I dont know if someone has asked this before but I want to know how I can get to work a Copam cp-2500 with a Mac. I just got it today and i wanted to make it work but no success. People talks about drivers to connect the cutter to the computer, but they only talk about PCs. In my case I dont know whats the big deal to connect the cutter to the mac computer via USB. I intalled singcut for importing my files from AI, but when i want to send it to the cutter by going to "cutout" nothing happens, the cotter does not move at all. That makes me think that there's no communication in between the cutter and the computer. Im attaching some pics of what i see on my screen. I know the cutter works because I already tried the test (the one that cuts the little circle and the square) I already download drivers like: FTDIUSBSerialDriver_v2_2_14 and md_pl2303H_HX_X_dmg_v1 which I have no idea if helped at all but that's all the info I could find. 

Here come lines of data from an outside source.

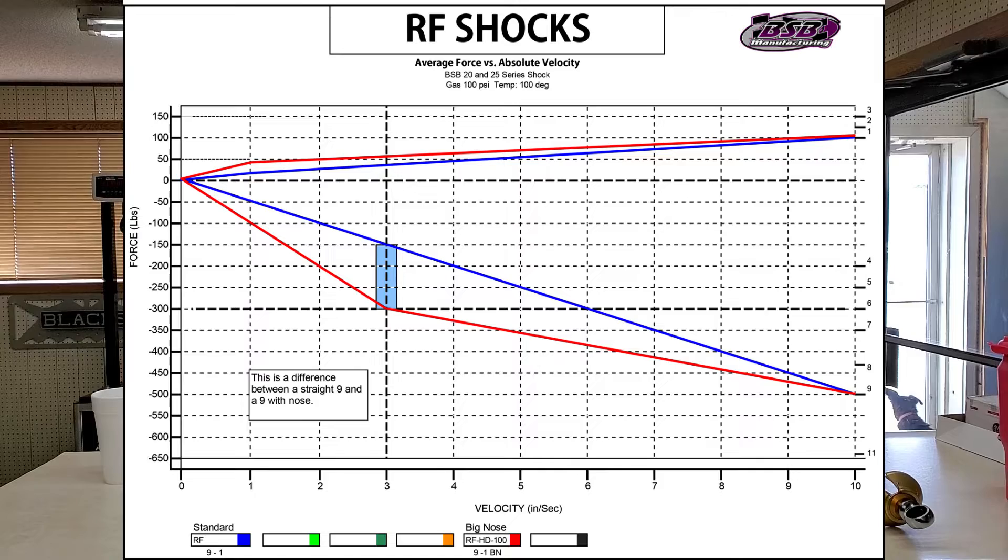I'll put a link in the bio so you can view that on our website. The right front typically starts at a 40 and goes up to about a 75. This is a good amount of rebound for a 200-220 pound spring and will turn the car very well. So it goes: right front 1-40, 1-50, 1-60, 1-75.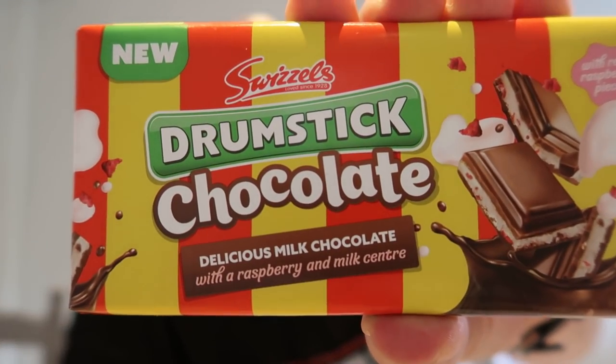So I just reviewed the Cheetos — you'll probably have seen them. I went to Home Bargains the other day and I was looking for stuff to review. Ginger sent me a picture of the Cheetos, so I was looking for them, then I walked down the chocolate aisle and I found these. As you've seen from the thumbnail, it's Swizzles Drumstick Chocolate — delicious milk chocolate with a raspberry and milk center. These are apparently new.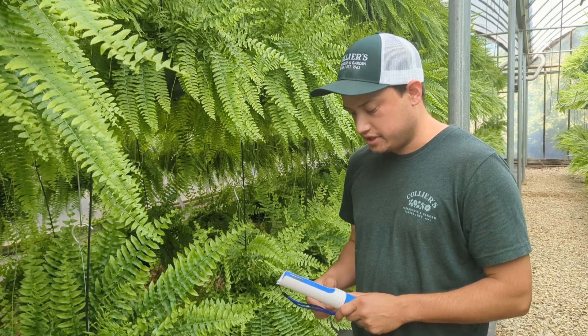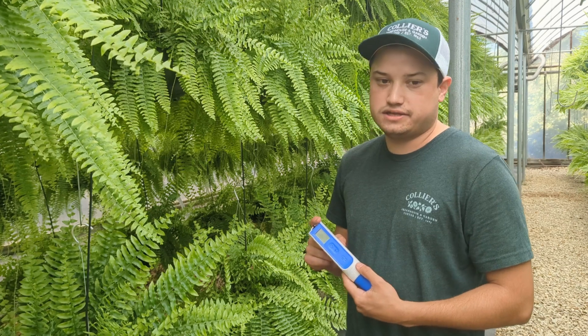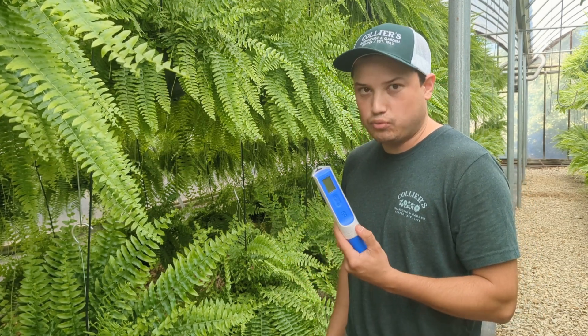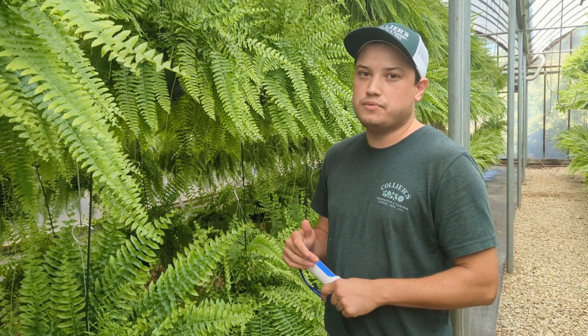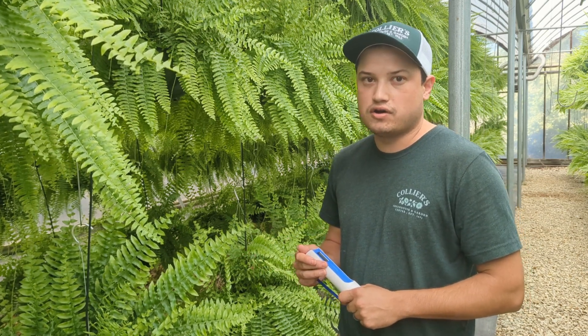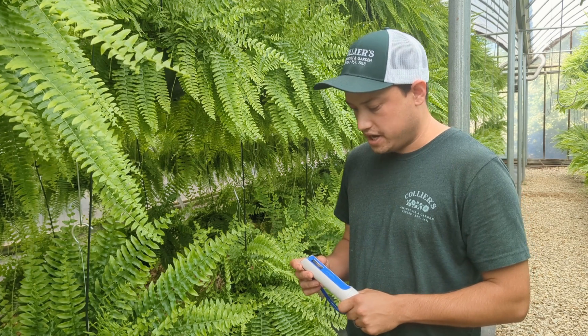Hi, my name is Sam with Collier's Greenhouse. A new product that I'm getting to test and try out is the Bluelab One Pin. We've used the combo meter before when we were testing the EC and the pH of our fern crop, the big crop we're working with right now.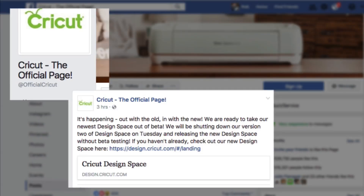Alright, hello everyone. Rob here with ScrappyDew.com. In this video we're just going to let you know about a little announcement that Cricut has made: they're shutting down the old version of Design Space 2 this upcoming Tuesday, the 11th of July.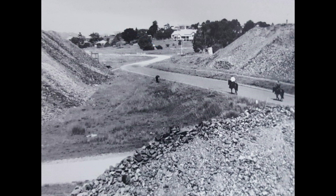Mullock heaps could be any size, but generally they were massive — perhaps 30 feet or more high and two to three times as wide at the base. And, as the prototype photo shows, they could be very long.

What am I missing? help please!!


----------



## jangele84 (Apr 4, 2008)

Problem fixed!! It turns out, there was no communication between the cutter and the computer due to the USB cable. They include a normal USB cable with the cutter, but they know that if you have mac, the cutter won't work (they dont tell you that, which I dont appreciate). Anyways, after doing a very long research I found out that I had to buy a USB serial adapter called "Keyspan" (I had gotten another kind of cable similar to this from Radio Shack, but it did not work because it has to be "Keyspan" brand)
That solved my problem!! 

It was too much trouble to make it work, but now it is working!!


----------



## GeorgetownGirl (Nov 4, 2008)

Hi, I too have a Mac and am thinking about purchasing a copam cp-2500. Are you happy with the results? n Thank you.


----------



## jangele84 (Apr 4, 2008)

well, its ok for the money. You get what you pay for. The installation is a pain on the butt. This machine sometimes does not cut properly; it cuts lines that are not on the design, but it just once an a while. I dont know what causes it. I like roland better. 

I hope this helps.


----------